▶ **Task statement**: The output is the lines below from the one with "Skip Hop Gray" through the one with "Lactojoy Lactase Tablets", both included, printed exactly and with no other line.

▶ **Data excerpts**:
·····

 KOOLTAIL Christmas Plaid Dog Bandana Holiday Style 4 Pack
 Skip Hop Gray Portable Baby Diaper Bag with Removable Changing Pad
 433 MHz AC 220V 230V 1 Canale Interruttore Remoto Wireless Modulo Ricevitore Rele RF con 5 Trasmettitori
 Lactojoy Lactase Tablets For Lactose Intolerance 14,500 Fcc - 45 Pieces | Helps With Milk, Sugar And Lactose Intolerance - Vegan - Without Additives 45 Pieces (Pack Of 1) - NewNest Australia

·····

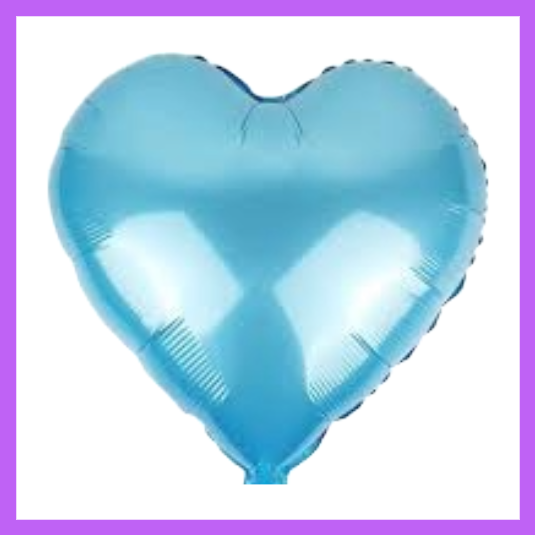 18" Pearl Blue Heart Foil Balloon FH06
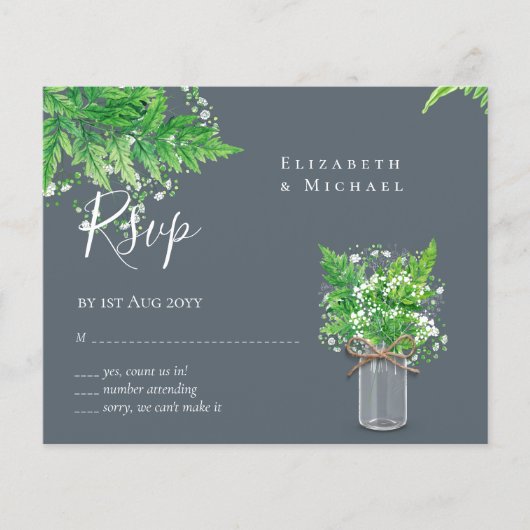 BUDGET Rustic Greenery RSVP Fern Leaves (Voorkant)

·····

▶ **The completed task**:
 Skip Hop Gray Portable Baby Diaper Bag with Removable Changing Pad
 433 MHz AC 220V 230V 1 Canale Interruttore Remoto Wireless Modulo Ricevitore Rele RF con 5 Trasmettitori
 Lactojoy Lactase Tablets For Lactose Intolerance 14,500 Fcc - 45 Pieces | Helps With Milk, Sugar And Lactose Intolerance - Vegan - Without Additives 45 Pieces (Pack Of 1) - NewNest Australia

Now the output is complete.